Seit diesem Ereignis hatte Ossi plötzlich eine politsche, nationale Bedeutung. Das war mir anfangs überhaupt nicht klar, kannte ich doch noch keine „Ossi“. Nach und nach wurde ich seltener Ossi genannt. Fast unmerklich und so ist es mir auch fast nicht aufgefallen. Bis es zur Ossi-Konfrontation kam!

Ich war mit Freunden in einer Kneipe. Als mich einer „Ossi“ rief und ich mich auch noch erdreistet habe darauf zu reagieren, ging es los.

Ja sag mal, was fällt Dir denn ein? Der kann doch nichts dafür, dass er in der DDR geboren wurde!

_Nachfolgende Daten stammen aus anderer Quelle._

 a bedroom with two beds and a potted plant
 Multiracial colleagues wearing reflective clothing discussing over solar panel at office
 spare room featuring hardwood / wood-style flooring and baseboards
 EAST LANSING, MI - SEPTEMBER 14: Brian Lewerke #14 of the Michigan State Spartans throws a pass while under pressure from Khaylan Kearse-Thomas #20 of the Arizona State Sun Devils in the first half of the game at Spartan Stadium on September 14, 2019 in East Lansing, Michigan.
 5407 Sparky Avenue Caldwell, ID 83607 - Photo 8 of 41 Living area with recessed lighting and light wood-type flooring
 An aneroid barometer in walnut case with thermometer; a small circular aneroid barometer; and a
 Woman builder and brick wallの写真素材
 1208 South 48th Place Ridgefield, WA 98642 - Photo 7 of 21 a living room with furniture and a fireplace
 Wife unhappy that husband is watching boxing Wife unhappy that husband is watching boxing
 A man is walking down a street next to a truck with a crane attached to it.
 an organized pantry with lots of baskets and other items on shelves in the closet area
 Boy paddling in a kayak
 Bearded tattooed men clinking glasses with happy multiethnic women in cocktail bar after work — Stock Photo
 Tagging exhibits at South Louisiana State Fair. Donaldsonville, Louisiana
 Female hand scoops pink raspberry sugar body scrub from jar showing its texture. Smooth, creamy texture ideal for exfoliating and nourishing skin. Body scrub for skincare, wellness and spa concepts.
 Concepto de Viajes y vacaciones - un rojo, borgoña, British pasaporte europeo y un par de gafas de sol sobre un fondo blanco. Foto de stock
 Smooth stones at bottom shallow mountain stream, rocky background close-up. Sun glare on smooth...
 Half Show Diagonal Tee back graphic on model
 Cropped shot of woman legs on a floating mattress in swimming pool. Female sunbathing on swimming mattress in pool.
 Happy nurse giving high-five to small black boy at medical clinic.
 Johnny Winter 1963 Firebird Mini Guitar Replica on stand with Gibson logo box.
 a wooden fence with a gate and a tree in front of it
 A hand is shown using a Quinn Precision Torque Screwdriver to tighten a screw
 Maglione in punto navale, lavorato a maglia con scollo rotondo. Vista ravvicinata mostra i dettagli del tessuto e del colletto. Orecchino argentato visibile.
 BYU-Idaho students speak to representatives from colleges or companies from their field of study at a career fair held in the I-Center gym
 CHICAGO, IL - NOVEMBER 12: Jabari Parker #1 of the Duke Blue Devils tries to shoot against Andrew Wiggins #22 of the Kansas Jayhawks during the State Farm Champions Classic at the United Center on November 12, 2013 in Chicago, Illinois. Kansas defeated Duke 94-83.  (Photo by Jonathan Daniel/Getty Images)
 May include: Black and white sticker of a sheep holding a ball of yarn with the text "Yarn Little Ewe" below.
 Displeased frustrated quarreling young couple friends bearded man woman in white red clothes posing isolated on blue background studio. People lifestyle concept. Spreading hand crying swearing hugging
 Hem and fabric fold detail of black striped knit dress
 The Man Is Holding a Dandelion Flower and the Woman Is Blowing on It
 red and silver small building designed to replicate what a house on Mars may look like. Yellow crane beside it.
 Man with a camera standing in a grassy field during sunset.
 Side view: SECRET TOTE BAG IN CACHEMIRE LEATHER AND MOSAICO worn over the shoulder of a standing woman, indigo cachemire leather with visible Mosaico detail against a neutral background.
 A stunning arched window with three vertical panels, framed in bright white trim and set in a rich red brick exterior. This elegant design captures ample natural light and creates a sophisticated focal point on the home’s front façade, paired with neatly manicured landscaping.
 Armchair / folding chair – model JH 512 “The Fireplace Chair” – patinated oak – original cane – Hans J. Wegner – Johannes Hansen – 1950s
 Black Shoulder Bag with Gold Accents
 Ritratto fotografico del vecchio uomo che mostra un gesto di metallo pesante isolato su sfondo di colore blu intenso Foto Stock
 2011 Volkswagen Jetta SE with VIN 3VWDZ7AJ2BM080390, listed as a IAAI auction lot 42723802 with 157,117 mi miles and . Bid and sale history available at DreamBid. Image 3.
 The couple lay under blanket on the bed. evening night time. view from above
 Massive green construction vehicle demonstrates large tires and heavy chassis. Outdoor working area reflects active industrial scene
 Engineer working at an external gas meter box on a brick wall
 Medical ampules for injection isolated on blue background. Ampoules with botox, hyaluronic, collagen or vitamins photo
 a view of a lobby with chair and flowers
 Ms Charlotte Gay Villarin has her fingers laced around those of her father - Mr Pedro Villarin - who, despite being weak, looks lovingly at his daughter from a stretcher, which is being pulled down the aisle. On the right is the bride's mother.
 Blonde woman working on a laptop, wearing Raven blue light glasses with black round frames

Tönte es mit deutlich sächsischer Sprachfärbung von hinter der Bar. Offensichtlich ein Bürger aus den neuen Bundesländern.

Ich versuchte ihn zu beschwichtigen und sagte ihm, dass das schon in Ordnung ist und so lenkte ich seinen Zorn gegen mich.

Das kann ja wohl nicht wahr sein! Das lässt Du Dir auch noch gefallen? Was bist Du denn für ein Idiot? Ich würde dem mal ordentlich auf’s Maul geben! Ossi – geht ja mal überhaupt nicht!

Schlussendlich konnte ich ihn doch noch beruhigen und ihm die Herkunft „meines“ Ossis erklären, was er uneingeschränkt akzeptierte und sich für seinen Ausraster entschuldigte.

Tja, seit dem habe ich niemandem mehr angeboten: „Du darfst mich Ossi nennen.“ Außer einer handvoll, auserlesener Freunde aus den neuen Bundesländern. Die machen das ungefragt und ich mache das im Gegenzug auch (oder umgekehrt). Und mein bester Freund ist ein Ossi, und wir haben einen Heidenspaß dabei mit Klischees um uns zu schmeißen und uns gegenseitig Ossi zu nennen.

Wobei, der einzig wahre Ossi war, bin und werde immer ich sein!